= Desegregation of theaters in Durham, North Carolina =

Desegregation of theaters in Durham, North Carolina, United States, followed a series of protests between 1961 and 1963, as well as petitions to local government officials and eventually legal action. The protests eventually came to focus on the Carolina Theater. In March 1962, the theater's manager rejected a proposal from the local NAACP chapter to negotiate its desegregation and later refused the city council's request that it reconsider the decision. In response, the protesters began "round-robin" demonstrations. After a court order ended those demonstrations, activists took their case to the courts. Eventually, in July 1963, after mass demonstrations and support from new mayor Wense Grabarek, Durham's segregated movie theaters began to open to the public.

== Movie going and discrimination ==

=== Discrimination ===
At the beginning of the 1960s, some theaters in North Carolina only allowed white Americans, while others segregated white and black Americans by assigning them into different sections in the theater. In certain theaters, owners and managers differentiated tickets with stamps or hired ushers in order to guarantee that black Americans be seated only in top balconies, called “Buzzard’s Roosts”. In other cases, black Americans were forced to enter from a separate entrance or be restricted to late showings called 'midnight rambles'.

To take advantage of a new prosperous section of the Black population, entrepreneur Frederick King Watkins opened a number of black-only theaters. These seldom screened the latest Hollywood films, and often alternated films with all-black casts with western films.

=== Segregation on Public Lands ===
A court ruling in Greensboro, North Carolina, concerning a privately owned golf course operating on leased public property upheld that African Americans had a right to be on public lands despite ownership. The verdict was that segregation could not be maintained indirectly: the golf course remained public property despite the business being privately owned.

The Carolina Theater, established in 1926, was in 1961 privately owned by Charles Abercrombie, but the building, the Durham Auditorium, was leased for $10,000 a year. The similarities between the two situations provided a legal base upon which protestation against the desegregation of the municipally owned Carolina theaters rested.

=== Petitions and Mass Movements ===
On November 2, 1960 the Carolina Theater case was brought before the City Council. The NAACP petitioned for the integration of the Carolina Theater, among many other racial reforms. The City Council relegated the petition to the Mayor’s Human Resource Committee.

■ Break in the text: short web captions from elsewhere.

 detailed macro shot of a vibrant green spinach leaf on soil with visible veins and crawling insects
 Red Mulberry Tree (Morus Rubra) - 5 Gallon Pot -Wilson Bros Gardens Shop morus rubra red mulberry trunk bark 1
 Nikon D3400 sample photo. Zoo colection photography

In January 1961, the NAACP issued a letter voicing its complaint about the segregation in theaters to the committee on Human Relations, City manager George Aull, and manager of the Carolina Theater Milo Crawford. In the letter, protestors stated their discontent with the “illegal” and “morally unjustified” policies of the theater. The NAACP acquired the signatures of students from nine different high schools and colleges: Duke University, North Carolina College, Durham High School, Henderson of Hills High School, Merrick-Moore High School, Whitted Junior High School, Deshazor’s Beauty College, Bull City Barber College, and Durham Business College.

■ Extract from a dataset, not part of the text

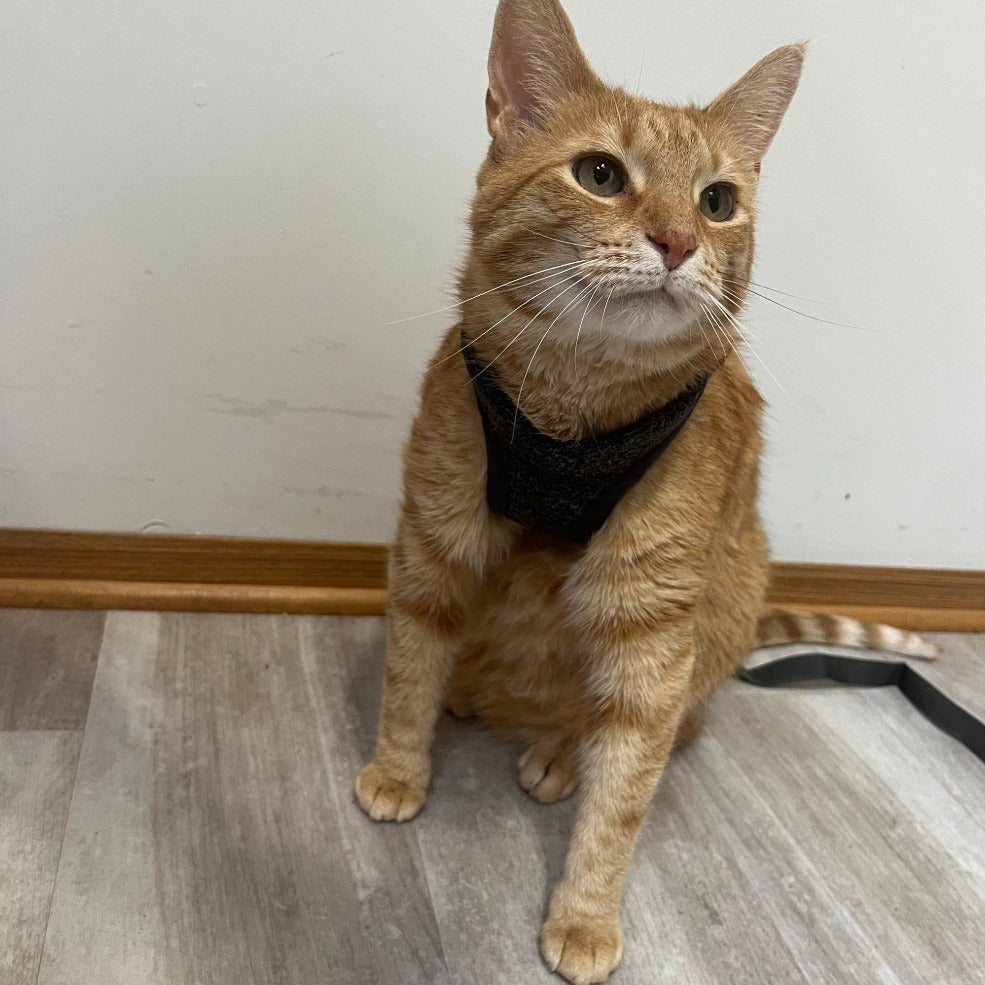 Tyson and Fate's Chest Cat Harness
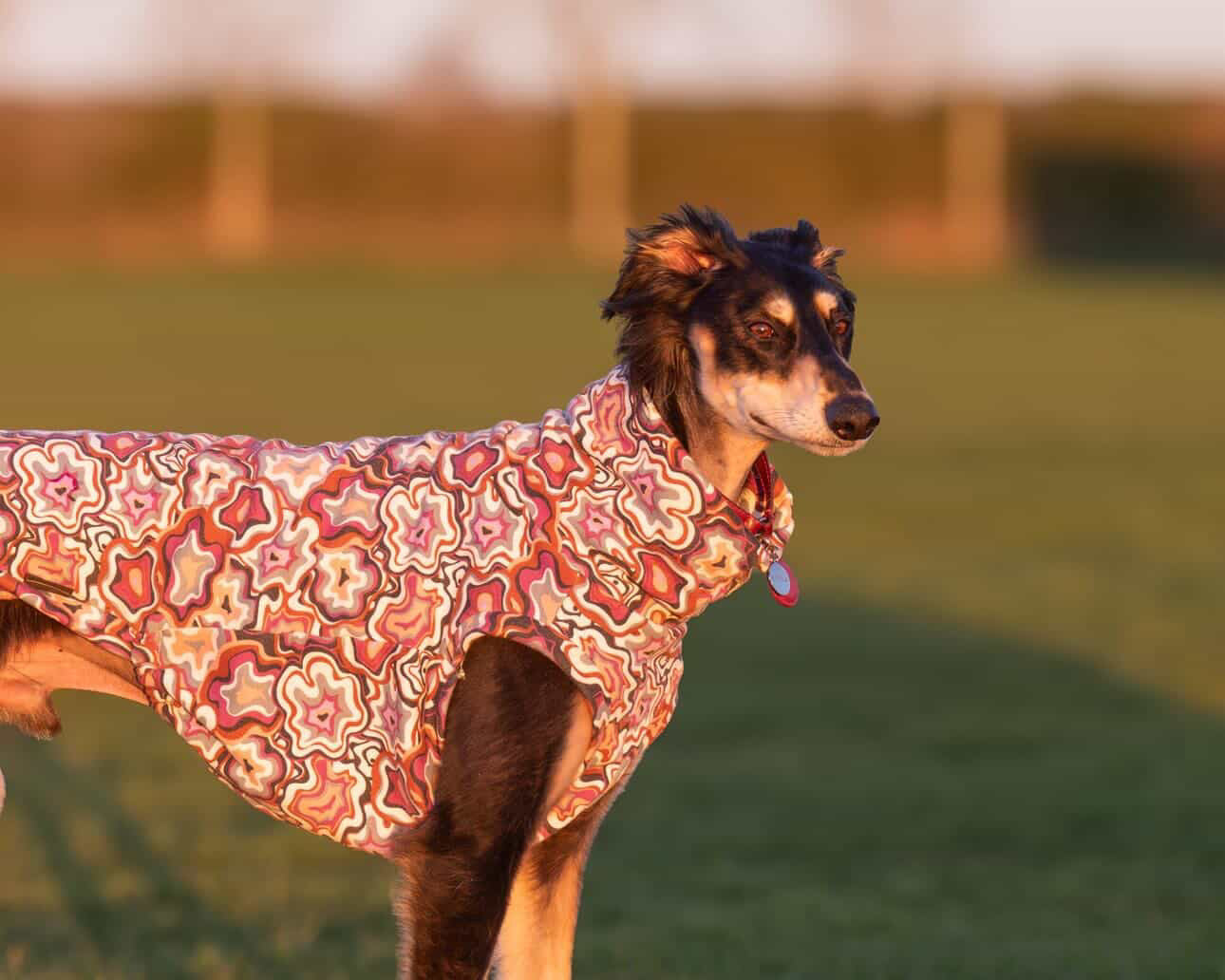 Geo Abstract Alpine Fleece Tankie All Sighthound Sizes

On January 21, in front of the Center and Carolina Theaters, faculty and students from the all-black North Carolina College and Duke University joined together to stage a protest. They locked arms to block the entrance to the theater, forcing their way into the entrance, and staging sit-ins.

The new manager of the Carolina Theater, Charles Abercrombie, was persistent in his refusal to discuss the segregation issue, stating that “the question of whether or not to desegregate had been accepted by the Commission as a foregone conclusion”.

In March 1962, the Carolina Theater was integrated for the first time when fourteen African Americans students snuck past the ticket ushers. For two days, long lines were formed by over a thousand African Americans in front of the ticket box, in which each black participant who was refused a ticket to the white section returned to the end of the line to try again, a tactic called "round-robin". As students were denied their entrance to the theater, they attempted elicit a reason from the salesman in order to gather evidence that African Americans were being denied entrance due to race. When the box office moved to the inside of the Theater, white advocates aided in the effort by purchasing tickets for black moviegoers, who would then sneak into the side doors of the theater.

=== Response to Protests ===
In response to the two-day mass demonstration, Judge Hamilton Hobgood issued a restraining order for the 34 students of the NAACP Youth Group who were in charge of the demonstration to stay away from the theater. Claiming to have suffered tremendous financial and reputational losses from the student-run protest, Abercrombie demanded a total of $30,000 in compensation: $25,000 for punitive damages and $5,000 for disruption of the natural procession of the theater. The restraining order also restricted interfering with the normal business functions of the theater, blocking the incoming and outgoing of consumers, and re-entering the line after being refused a ticket. A copy of the restraining order was posted outside the theater and handed out to each of the 34 students.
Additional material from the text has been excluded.